--- Problem details ---
The full listing, copied exactly and free of pictures, is the expected reply.

--- Information provided ---
__________

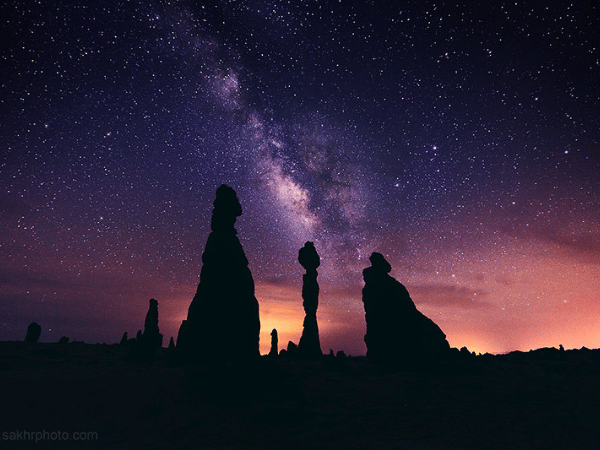 A stunning night sky view of Al Gharameel rock formations in AlUla, Saudi Arabia, with the Milky Way galaxy stretching across the horizon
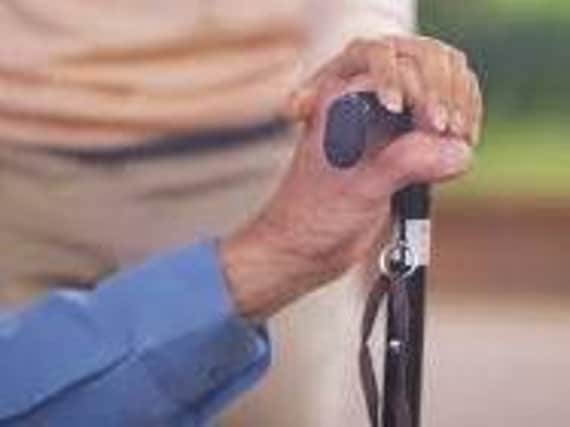 An elderly man with a cane
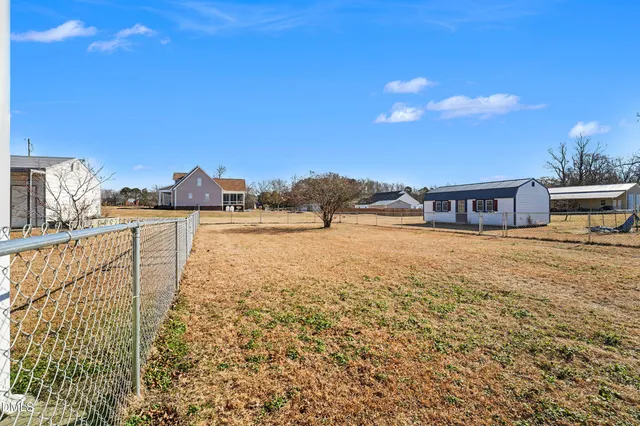 a view of residential houses with outdoor space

__________

--- Output ---
 A stunning night sky view of Al Gharameel rock formations in AlUla, Saudi Arabia, with the Milky Way galaxy stretching across the horizon
 An elderly man with a cane
 a view of residential houses with outdoor space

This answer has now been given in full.